LEE SMOLIN is a founding and senior faculty member at Perimeter Institute for Theoretical Physics in Waterloo, Canada. He is also Adjunct Professor of Physics at the University of Waterloo and is a member of the graduate faculty of the Department of Philosophy of the University of Toronto. His is the author od Time Reborn: From the Crisis in Physics to the Future of the Universe.
BRAIDS
BRAIDS
Theoretical physicists working in the rarefied field of loop quantum gravity have developed a way to describe elementary particles as merely tangles in space. If they are right, it could be the most profound scientific generalisation of all time, in which everything in the universe emerges from a simple network of relationships, with no fundamental building blocks at all. — New Scientist, Editorial [12 August 06]
About a decade ago, in my book The Third Culture (1995), Lee Smolin's chapter ("A Theory of the Whole Universe") began with the following comments:
"What is space and what is time? This is what the problem of quantum gravity is about. In general relativity, Einstein gave us not only a theory of gravity but a theory of what space and time are — a theory that overthrew the previous Newtonian conception of space and time. The problem of quantum gravity is how to combine the understanding of space and time we have from relativity theory with the quantum theory, which also tells us something essential and deep about nature. If we can do this, we'll discover a single unified theory of physics that will apply to all phenomena, from the very smallest scales to the universe itself. This theory will, we're quite sure, require us to conceive of space and time in new ways that take us beyond even what relativity theory has taught us.
"But, beyond even this, a quantum theory of gravity must be a theory of cosmology.
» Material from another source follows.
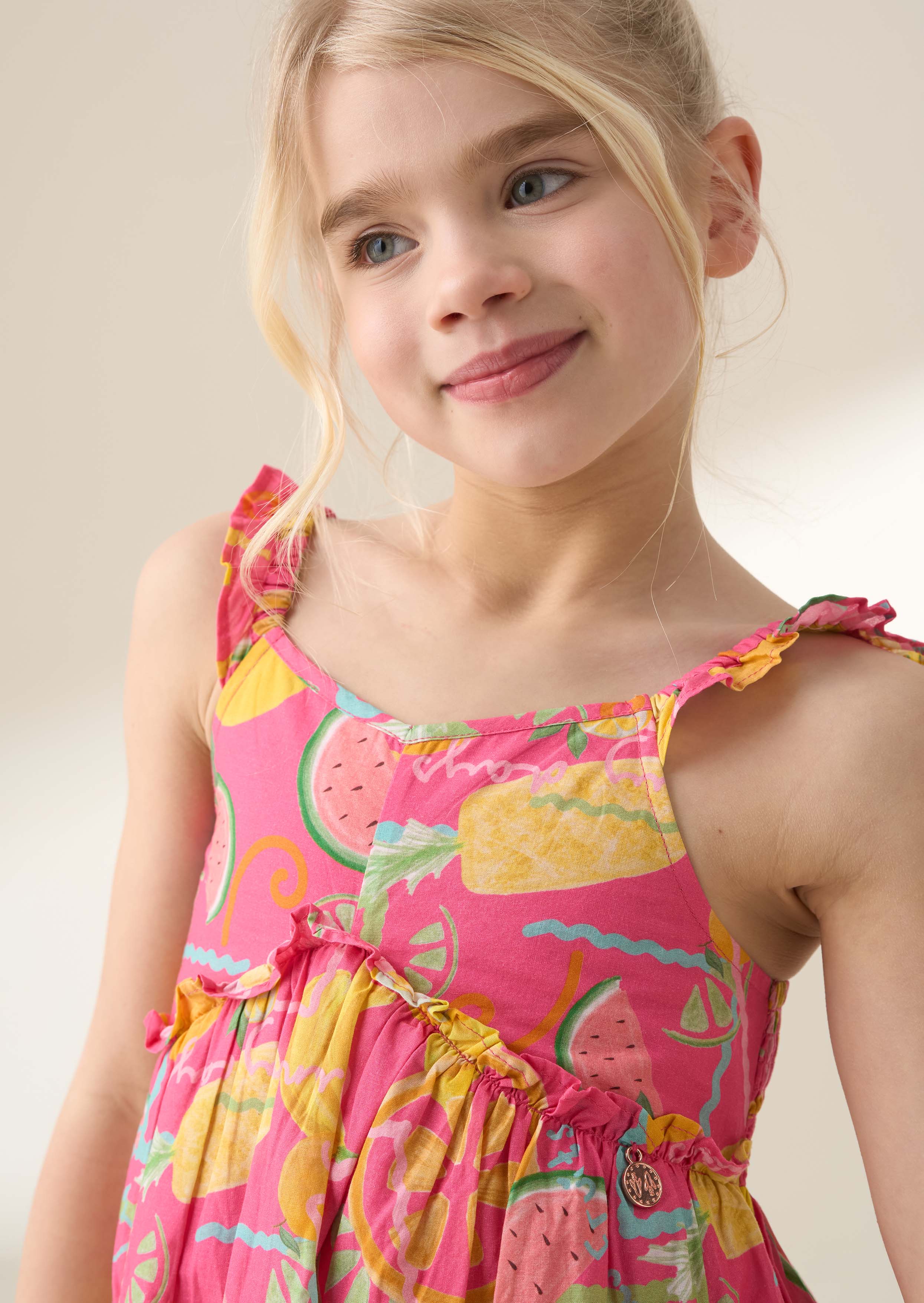Midi Girl Pink Fruit Print Dress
As such, it must also tell us how to describe the whole universe from the point of view of observers who live in it — for by definition there are no observers outside the universe. This leads directly to the main issues we're now struggling with, because it seems very difficult to understand how quantum theory could be extended from a description of atoms and molecules to a theory of the whole universe. As Bohr and Heisenberg taught us, quantum theory seems to make sense only when it's understood to be the description of something small and isolated from its observer — the observer is outside of it. For this reason, the merging of quantum theory and relativity into a single theory must also affect our understanding of the quantum theory. More generally, to solve the problem of quantum gravity we'll have to invent a good answer to the question: How can we, as observers who live inside the universe, construct a complete and objective description of it?"
Discover Magazine had run a cover story proclaiming Smolin "The New Einstein". It may have impressed the general reader, but not mainstream physicists. As cosmologist Alan Guth, father of the inflationary theory of the Universe, noted in The Third Culture:
"The relativity physicists belong to a small club. It's a club that has yet to convince the majority of the community that the approach they're pursuing is the right one. Certainly Smolin is welcome to come and give seminars, and at major conferences he and his colleagues are invited to speak. The physics community is interested in hearing what they have to say. But the majority looks to the superstring approach to answer essentially the same questions."
Also weighing in was particle physicist and Nobel Laureate Murray Gell-Mann:
"Smolin? Oh, is he that young guy with those crazy ideas? He may not be wrong!"
A decade later, Smolin's ideas are beginning to get traction.New Scientist has published a cover story [12 August 06] reporting on the work on "Braids" and Loop Quantum Gravity by Smolin, Carlo Rovelli, Sundance Bilson-Thompson, and Fotini Markopoulou. An accompanying editorial proclaims that "it could be the most profound scientific generalisation of all time."
Is it time to overthrow decades of work on string theory? The jury is out on the ideas generated by Smolin and his colleagues, but the question is now being asked by more than a few physicists.